Aide Memoir: Watts = Volts x Amps.

This can be rearranged as Volts = Watts/Amps or Amps = Watts/Volts

If the charge current for a 50w charger is set at the 6 Amps maximum the out put voltage would be 50W / 6A = 8.33v. Hardly enough to fully charge a 2 cell LiPo to the required 8.4v.

Caution . We do not recommend running chargers at their rated capacity. We would recommend a maximum 90% loading for charger longevity. In this case 50w/0.9 = 45 watts.

Practical Examples

Taking a typical 50w / 6A / 6S charger operating at 90% capability i.e. restricting the maximum output to 45w as suggested above results in the following maximum charging currents when the 5v per cell charge voltage mentioned above is used.

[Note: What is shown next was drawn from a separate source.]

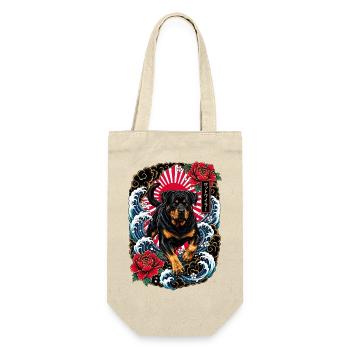 Rottweiler im japanischen Irezumi Tattoo Stil - Geschenkbeutel für Flaschen - Natur - Vorne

Single Cell = 45w/5v = 9 Amps Greater than 6A max. current limit.

2 Cell (2S) = 45w/(2x5)v =4.5 Amps. Max. Pack capacity 4500mA @ 1C

3 cell (3S) = 45w/(3x5)v = 3 Amps. Max. Pack Capacity 3000mA @ 1C

4 Cell (4S) = 45w/(4x5)v = 2.25 Amps. Max Pack Capacity 2250mA @ 1C

5S = 1.8 Amps and 6S = 1.5 Amps.

If for example you are using a 2200mA 6S LiPo pack popular with a particular size of electric helicopter this results in a charge time of just over 2hrs instead of the normal 1 ¾ hrs @ 1C due to the charge current only being 1.5A.

2.2A/1.5A x 1.4 = 2hrs 3minutes.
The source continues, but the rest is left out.